__TRY IT__. Retype every record below exactly as it appears.

**********

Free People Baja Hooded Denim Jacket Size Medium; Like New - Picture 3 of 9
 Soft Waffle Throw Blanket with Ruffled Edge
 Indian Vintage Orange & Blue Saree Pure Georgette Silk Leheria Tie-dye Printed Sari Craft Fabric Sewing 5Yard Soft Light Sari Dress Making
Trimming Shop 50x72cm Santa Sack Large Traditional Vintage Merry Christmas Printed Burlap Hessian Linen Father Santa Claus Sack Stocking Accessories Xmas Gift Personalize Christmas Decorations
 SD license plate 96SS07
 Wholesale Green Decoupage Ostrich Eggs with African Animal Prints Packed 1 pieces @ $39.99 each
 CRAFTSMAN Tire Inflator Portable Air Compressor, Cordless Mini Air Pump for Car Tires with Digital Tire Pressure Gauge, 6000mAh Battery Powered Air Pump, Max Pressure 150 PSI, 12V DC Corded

**********

__OUTPUT FOR THIS TASK__.
Free People Baja Hooded Denim Jacket Size Medium; Like New - Picture 3 of 9
 Soft Waffle Throw Blanket with Ruffled Edge
 Indian Vintage Orange & Blue Saree Pure Georgette Silk Leheria Tie-dye Printed Sari Craft Fabric Sewing 5Yard Soft Light Sari Dress Making
Trimming Shop 50x72cm Santa Sack Large Traditional Vintage Merry Christmas Printed Burlap Hessian Linen Father Santa Claus Sack Stocking Accessories Xmas Gift Personalize Christmas Decorations
 SD license plate 96SS07
 Wholesale Green Decoupage Ostrich Eggs with African Animal Prints Packed 1 pieces @ $39.99 each
 CRAFTSMAN Tire Inflator Portable Air Compressor, Cordless Mini Air Pump for Car Tires with Digital Tire Pressure Gauge, 6000mAh Battery Powered Air Pump, Max Pressure 150 PSI, 12V DC Corded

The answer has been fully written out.